Diese menschenrechtliche Verpflichtung folgt für die Staaten aus
der UN-Frauenrechtskonvention CEDAW, die mit der bevorstehenden
Ratifikation der Europaratskonvention gegen Gewalt gegen Frauen und
häusliche Gewalt (Istanbul-Konvention) weiter konkretisiert wird: Der
Bund und die Länder verpflichten sich dazu, sogenannte Kontakt- und
Näherungsverbote sowie Schutzanordnungen für Betroffene zu
gewährleisten. Frauen müssen über ihre Rechte informiert werden und
sie tatsächlich in Anspruch nehmen können.
Mindestens 50 Prozent aller Flüchtlinge weltweit sind Frauen und
Mädchen. Häufig zieht sich Gewalt durch mehrere Phasen ihres Lebens.

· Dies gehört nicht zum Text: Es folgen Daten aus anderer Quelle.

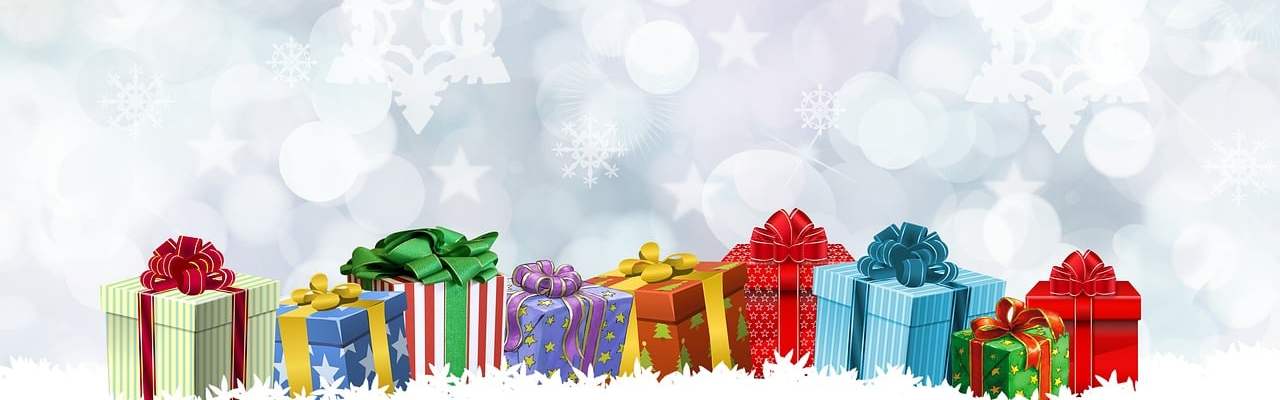 A graphic of boxed Christmas gifts in a row against a snowy backdrop.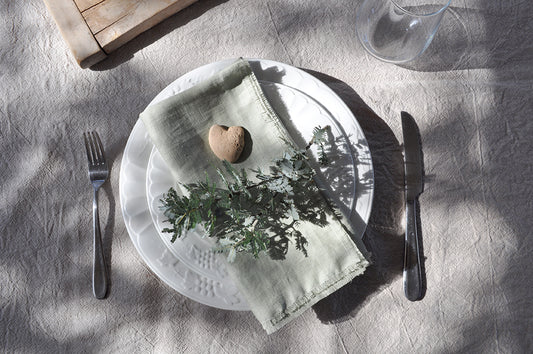 Dining table setting with a plate, Pinch River pure linen napkin in Sage, and cutlery on linen tablecloth.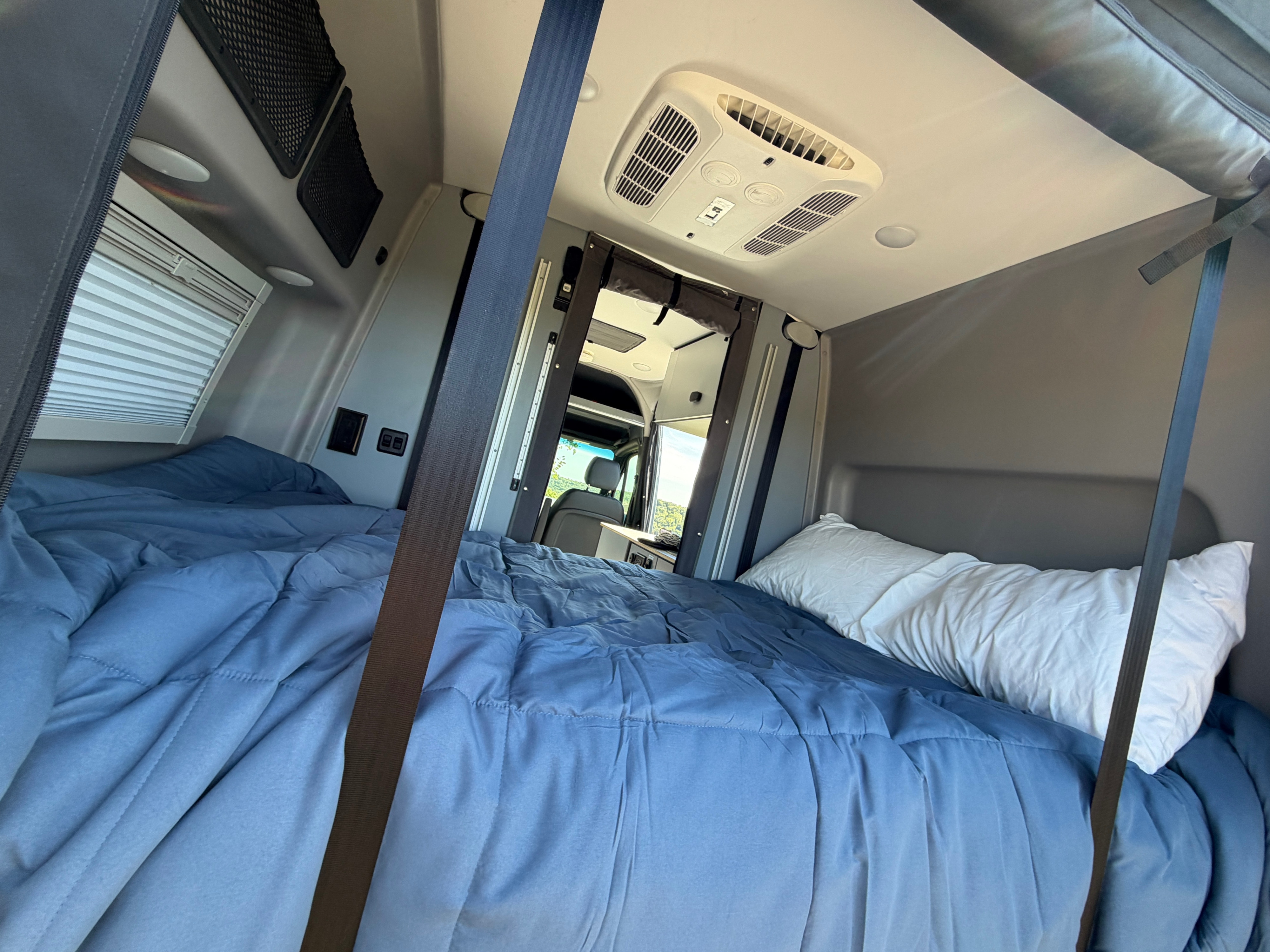 Cozy RV rental interior: comfortable bed with blue comforter, white pillow, and overhead AC unit in a camper van.. Winnebago Revel 2025
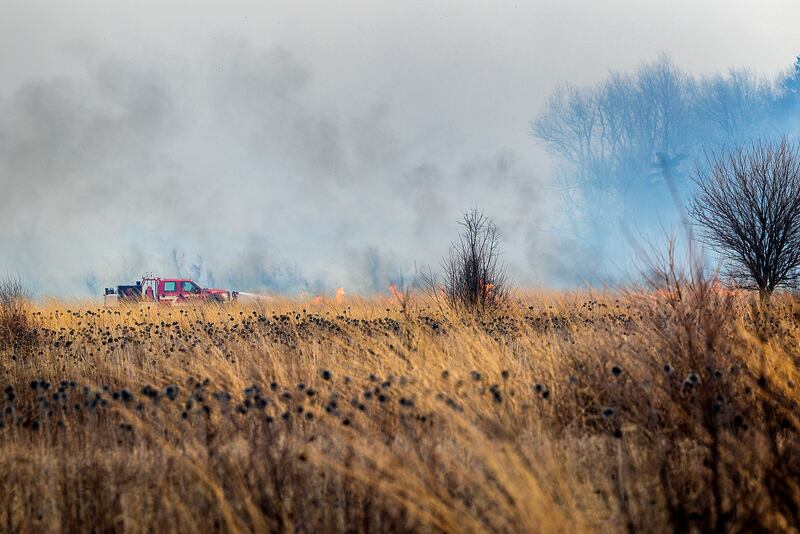 Harmon firefighters respond to a wildfire Friday, March 14, 2025, at Green River State Wildlife Area south of the town. Strong winds made fighting the fire much more difficult and dangerous. Departments from Ohio, Tampico and Wyanet were also seen fighting the blaze. Though the area is sparsely populated, some local residents were evacuated from the area.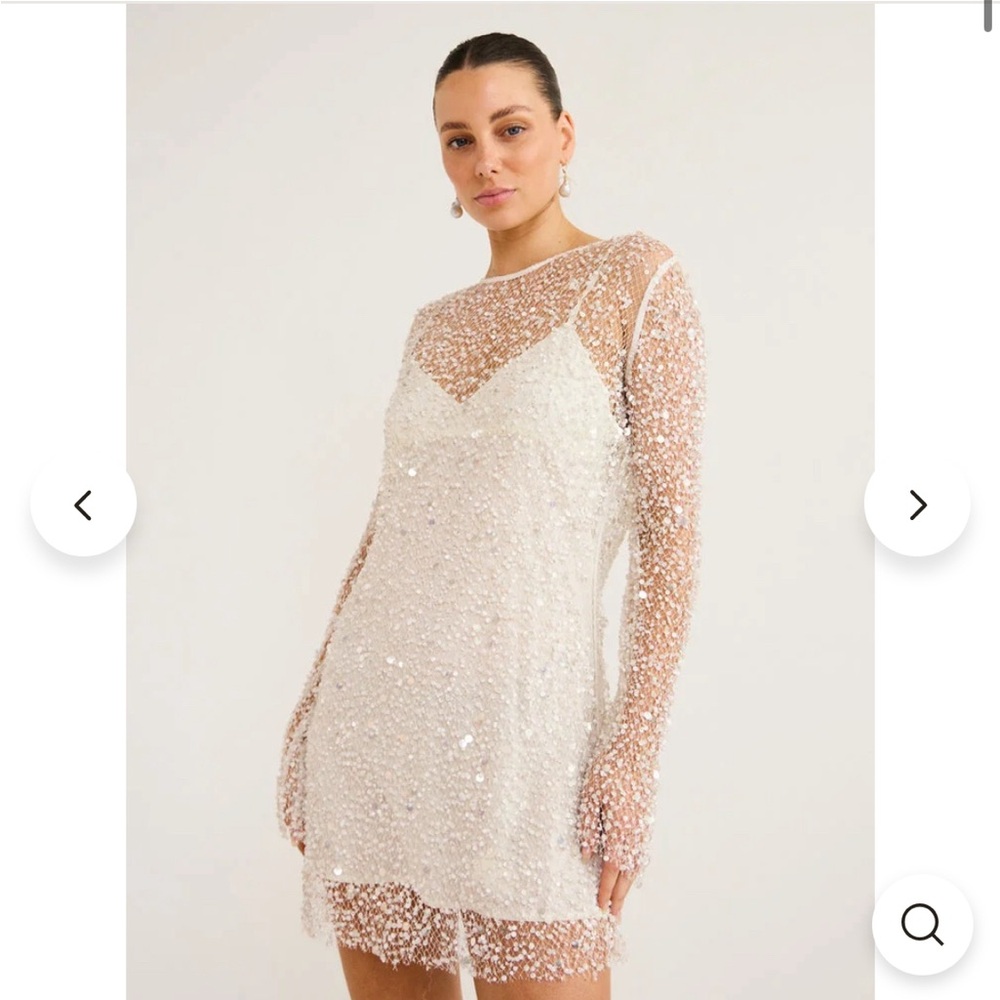 Crystal embellished white mini dress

Sie fliehen unter anderem vor geschlechtsspezifischer Gewalt in ihren
Herkunftsländern und erfahren Gewalt auf der Flucht. Doch auch wenn
Frauen in Flüchtlingsunterkünften in Deutschland ankommen, können sie
sexualisierter Gewalt oder Gewalt durch Partner, andere Bewohner oder
Personal ausgesetzt sein. Die Bedingungen der Unterkünfte wie
isolierte Standorte, niedrige Personalschlüssel und fehlende
Frauenräume bieten wenig Schutz und können gewaltfördernd wirken. Das
Gewaltschutzgesetz ist in Teilen nur auf längerfristig angelegte
Wohnverhältnisse ausgerichtet und daher eingeschränkt anwendbar in
den Gemeinschaftseinrichtungen mit hoher Fluktuation. Frauen sind
durch die Residenzpflicht sowie Wohnsitzauflagen in ihrer
Freizügigkeit und damit auch in ihrer Möglichkeit, der Gewalt
auszuweichen, eingeschränkt.
In Fällen von geschlechtsspezifischer Gewalt hat die Polizei in
Deutschland seit langem die Möglichkeit, die Täter aus der Wohnung zu
weisen. Unabhängig davon können gewaltbetroffene Frauen die Zuweisung
der gemeinsamen Wohnung zur alleinigen Nutzung beantragen. Dieser
Schutz muss für alle Frauen gelten, unabhängig davon, wo sie leben
oder wie ihr rechtlicher Status ist. Das bedeutet: Die polizeiliche
Wegweisung und das Gewaltschutzgesetz müssen auch in
Gemeinschaftseinrichtungen gelten und konsequent angewendet werden.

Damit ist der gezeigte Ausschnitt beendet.